▸ How to complete this task:
Would you write out the entries below word for word, omitting the pictures?

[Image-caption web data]

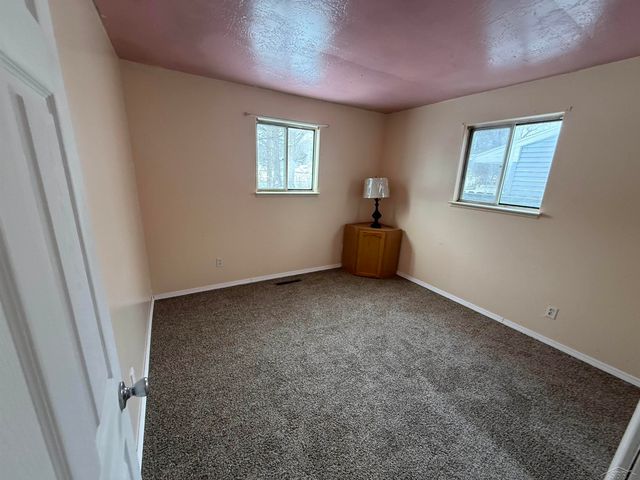 128 Woodward Street, Saginaw, MI 48601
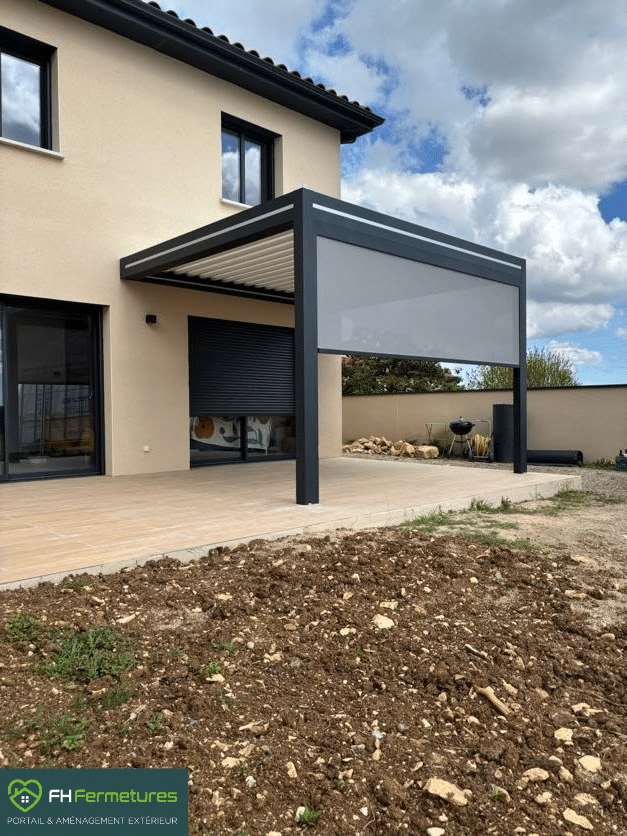 Pergola bioclimatique à Lucenay
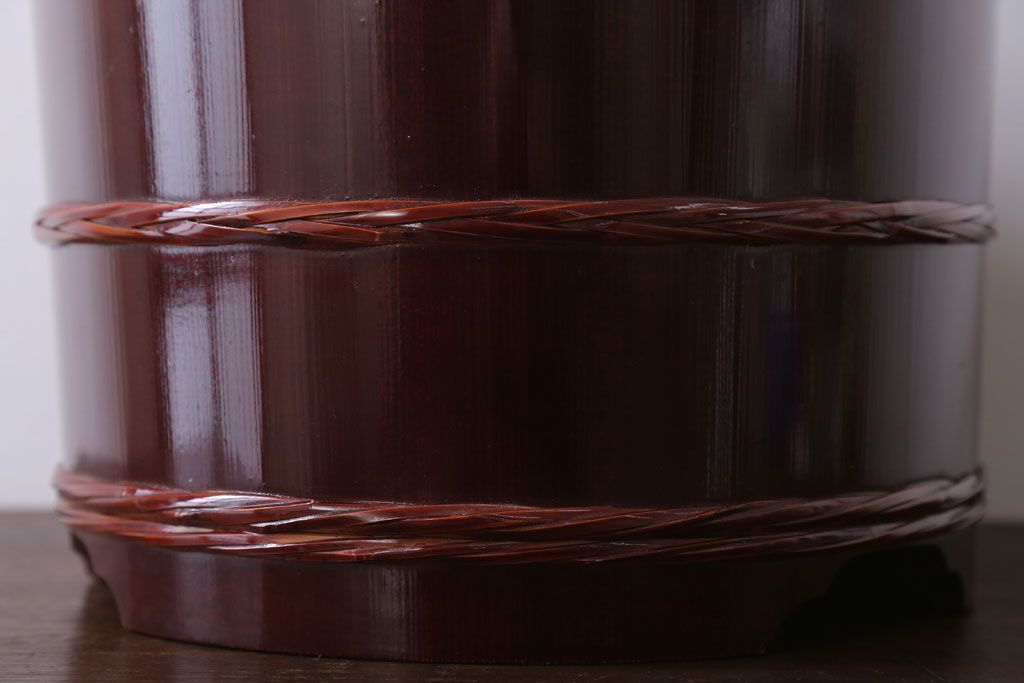 アンティーク雑貨　和製アンティーク　漆が美しい古い木製のお櫃(おひつ)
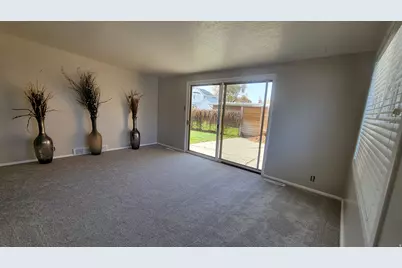 1466 E 4230 S, Millcreek, UT 84124 - Photo 2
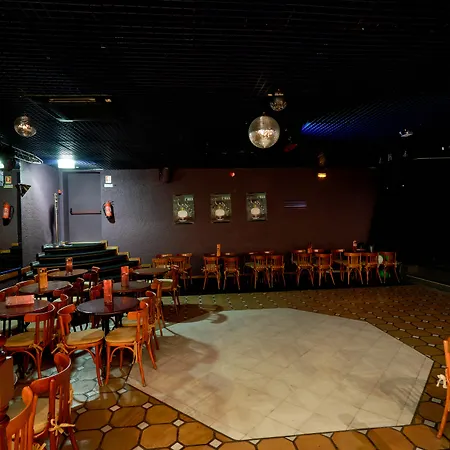 ムートゥ クラブ プライア ダ オーラ 4*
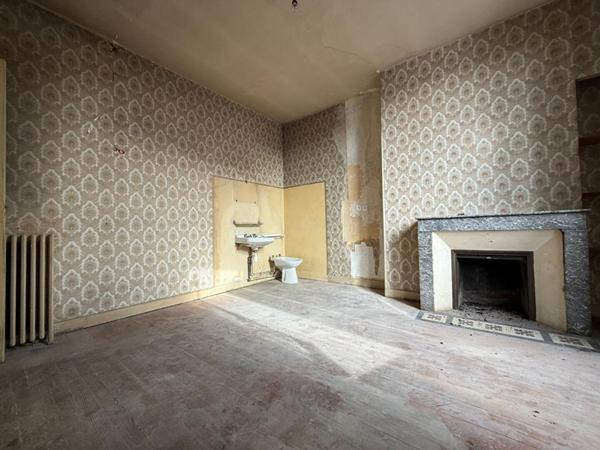 Maison de ville à rénover de 120 m² ? 3 chambres, Garage et extérieur ?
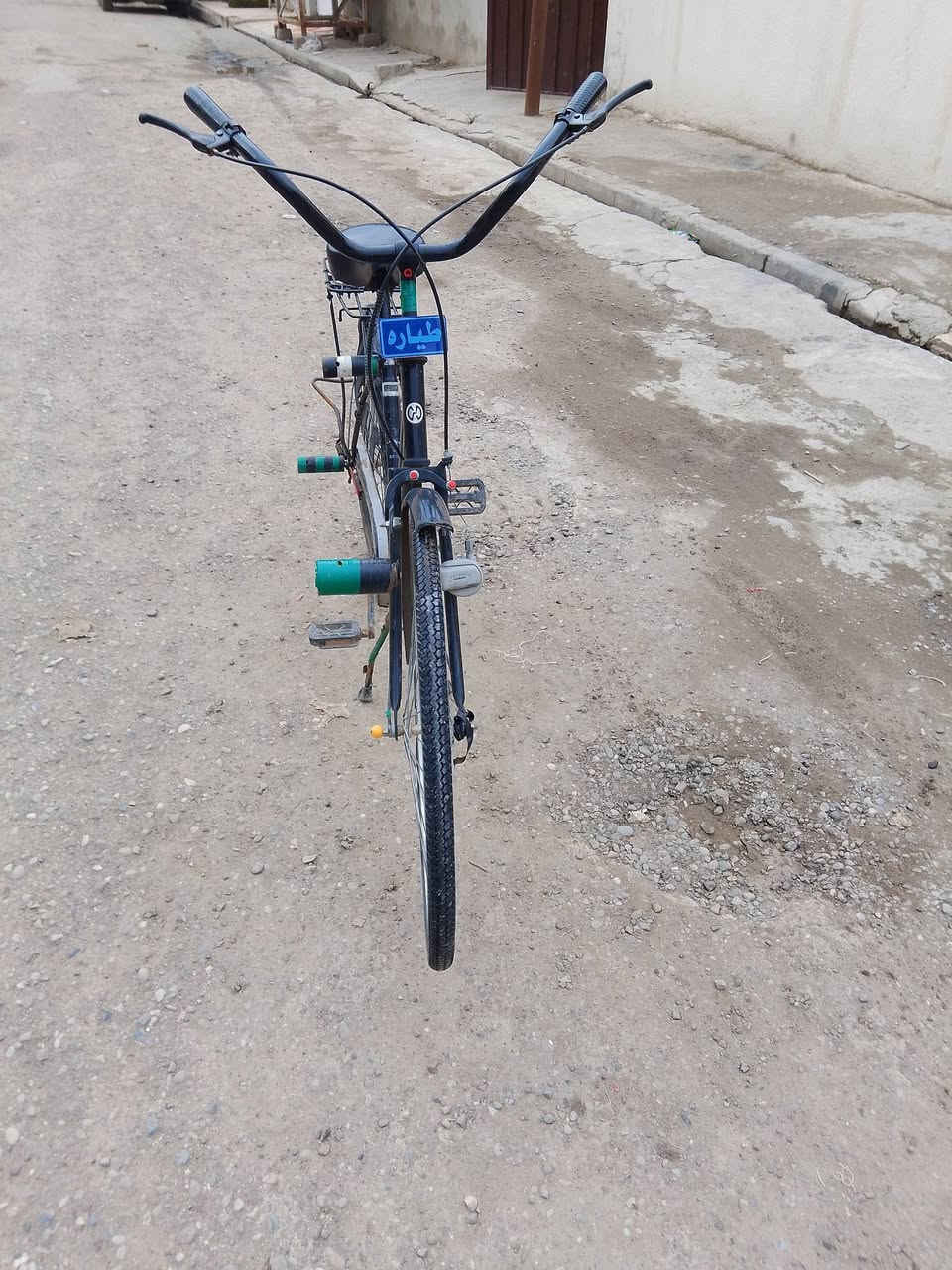 السلام عليكم ورحمه الله وبركاته مكاني موصل جانب الايسر المكان حي السومرء يا مجامل قباء بايسكل حيل نظيف بايسكل نظيف ما بيهن ما اعواجه ولوياله الوراء والقدام بايسكل نظيف حيل حيل السعر 85 وبي مجال مجال بسيط نظيف حيل حيل يتواصل ويانا على هذا الرقم ***********
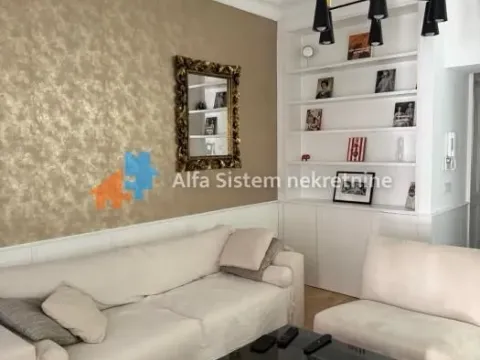 Izdavanje, dvosoban stan, 70m², Stari Grad, Beograd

▸ Solution to this task:
 128 Woodward Street, Saginaw, MI 48601
 Pergola bioclimatique à Lucenay
 アンティーク雑貨　和製アンティーク　漆が美しい古い木製のお櫃(おひつ)
 1466 E 4230 S, Millcreek, UT 84124 - Photo 2
 ムートゥ クラブ プライア ダ オーラ 4*
 Maison de ville à rénover de 120 m² ? 3 chambres, Garage et extérieur ?
 السلام عليكم ورحمه الله وبركاته مكاني موصل جانب الايسر المكان حي السومرء يا مجامل قباء بايسكل حيل نظيف بايسكل نظيف ما بيهن ما اعواجه ولوياله الوراء والقدام بايسكل نظيف حيل حيل السعر 85 وبي مجال مجال بسيط نظيف حيل حيل يتواصل ويانا على هذا الرقم ***********
 Izdavanje, dvosoban stan, 70m², Stari Grad, Beograd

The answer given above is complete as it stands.